U.S. officials said Thursday that the United States believed Iran had started carrying out naval exercises in the gulf, apparently moving up the timing of annual drills amid heightened tensions with Washington.

“This exercise was conducted with the aim of controlling and safeguarding the safety of the international waterway and within the framework of the program of the Guard’s annual military exercises,” Guard spokesman Ramezan Sharif said, according to IRNA.

The U.S. military’s Central Command on Wednesday confirmed it has seen increased Iranian naval activity. The activity extended to the Strait of Hormuz, a strategic waterway for oil shipments the Revolutionary Guard have threatened to block.

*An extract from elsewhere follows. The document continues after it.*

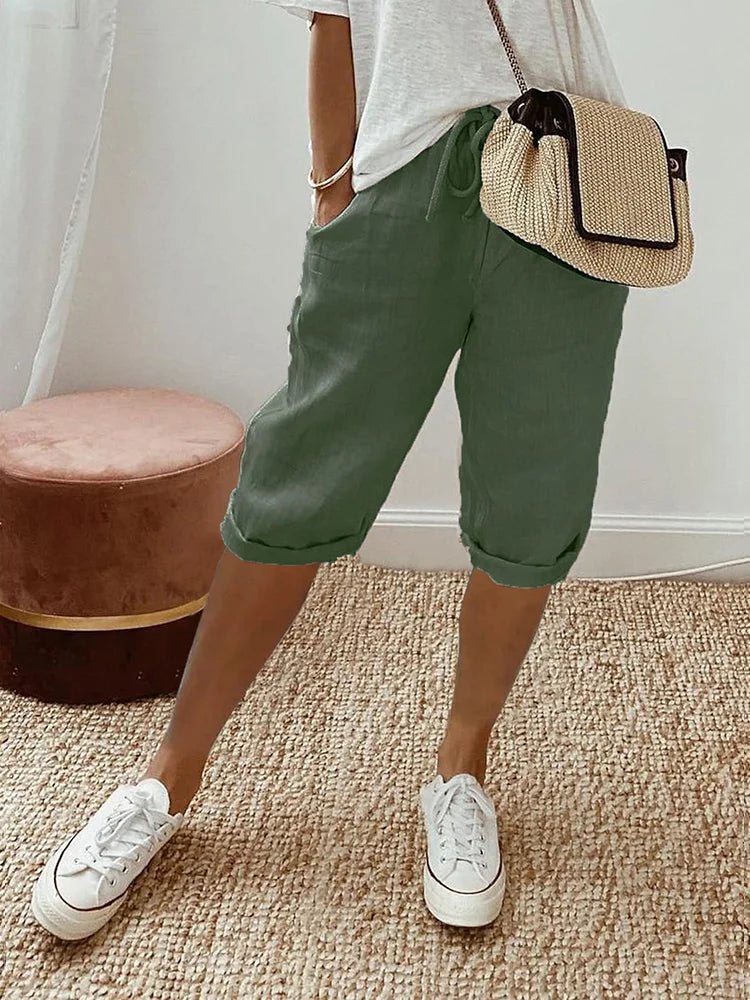 Pauline | Short en Coton Coupe Décontractée
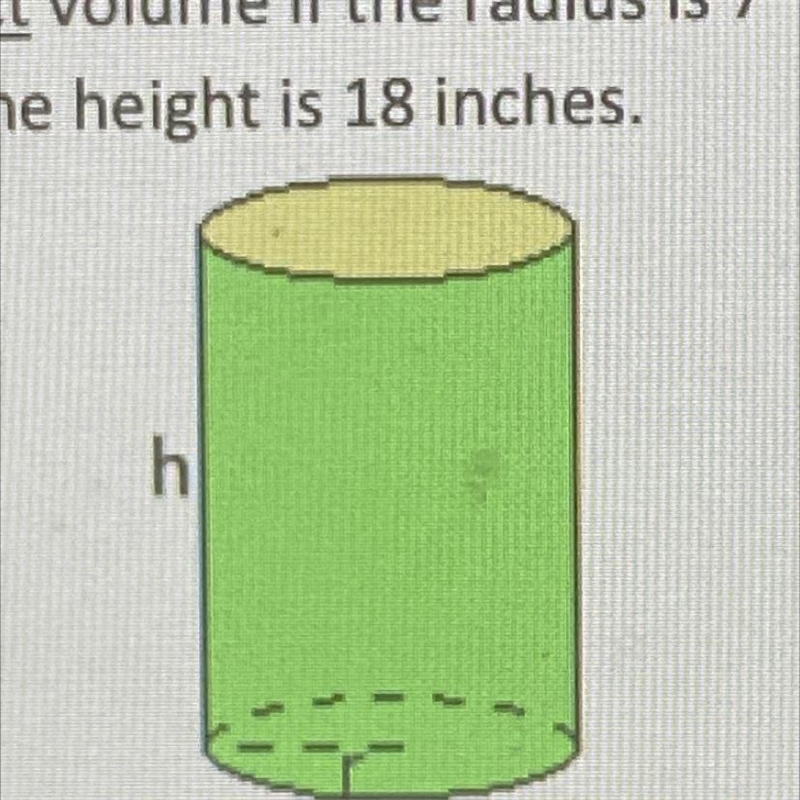 SHORT EASY QUESTION PLS HELP) Find the exact volume if the radius is 7 inches and-example-1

Guard commander Mohammad Ali Jafari “expressed satisfaction over the successful conduct of the Guard’s naval exercise, emphasizing the need to maintain and enhance defense readiness and the security of the gulf and the Strait of Hormuz and to confront threats and potential adventurous acts of enemies,” IRNA quoted Sharif as saying.

One U.S. official, speaking on condition of anonymity, said possibly more than 100 vessels were involved in the drills, including small boats.

U.S. officials said the drills appeared designed to send a message to Washington, which is intensifying its economic and diplomatic pressure on Tehran but so far stopping short of using the U.S. military to more aggressively counter Iran and its proxies.

Iran has been furious over U.S. President Donald Trump’s decision to pull out of an international agreement on Iran’s nuclear program and re-impose sanctions on Tehran. Senior Iranian officials have warned the country will not easily yield to a renewed U.S. campaign to strangle Iran’s vital oil exports.

But Iran did not appear interested in drawing attention to the drills. Iranian authorities had not commented on them earlier and several officials contacted recently declined to comment.

Last month, Iranian Supreme Leader Ayatollah Ali Khamenei backed President Hassan Rouhani’s suggestion that Iran may block gulf oil exports if its own exports are stopped.

Rouhani’s apparent threat earlier in July to disrupt oil shipments from neighboring countries came in reaction to the looming U.S. sanctions and efforts by Washington to force all countries to stop buying Iranian oil.